Staying ThereI find the single most important piece in a development environment that is lacking, is the understanding of the other individuals (hence writing this so I don't have to keep repeating myself).
It can take any where from 15-30 mins for an individual get into this state, and become engaged and start producing while there. The constant inquiries of "Have you done it yet" or "Lets all have a meeting to listen to me talk" is doing nothing but breaking that lead in time, and hitting the reset switch for getting back into it. I'm all for communication, of course, teams and organisations need it. Though when necessary and in context.
I think the only thing that is more disruptive (and mentally painful) from being stopped getting to the Nexus ....... err a productive state of mind ..... is being ripped out of it once there.
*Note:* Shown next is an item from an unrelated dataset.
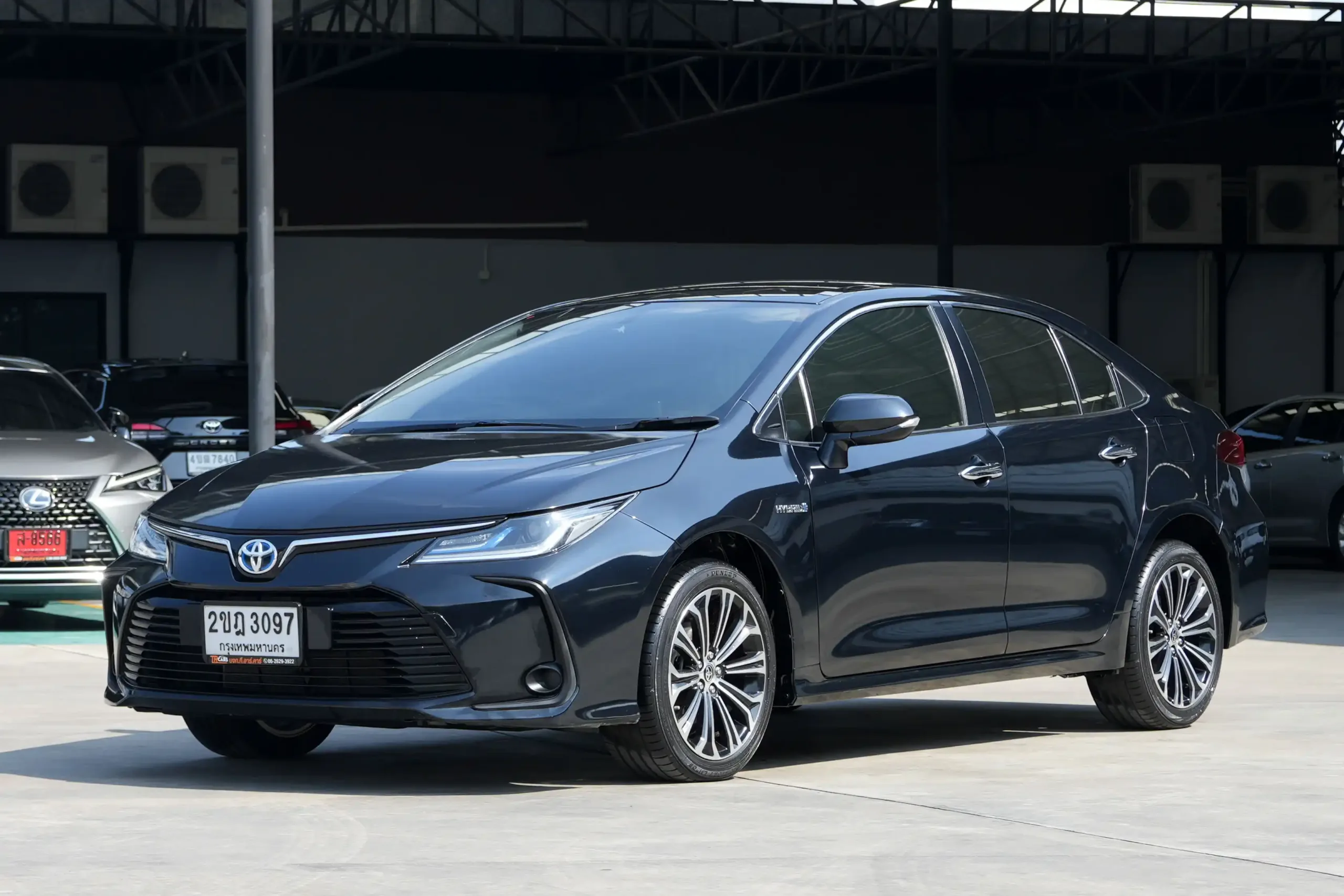 2021 Toyota Corolla Altis 1.8 (ปี 19-25) Hybrid Premium Sedan #2ขฎ-3097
It's so jarring I've contemplated drowning people before ..... though have put it down to their ignorance opposed to malice.
Nerf guns in an office are for play time ........ not 24/7 while people are trying to work.
Shouting into phones in (or at people on the other side of) an open office (which themselves are very negative to focusing) isn't helping.
Typical management is driven by interruption, Jason Fried 37signals has talked about interruptions lately, and way pre-dating him is Peopleware that covers it in much more detail.
ThoughtsPersonally I become very frustrated when subjected to the kind of environment that stops productivity and high quality productivity at that.
I (and just about all developers I've ever talked to) can do far more in 4 Flow hours than 8 of typical office, and it's far better for everyone involved. Let alone the future as the software is of a much higher quality : think lower Technical Debt.
So why not let it happen and protect it ?
As ever take care of #1 and have a thought for others trying to get things done.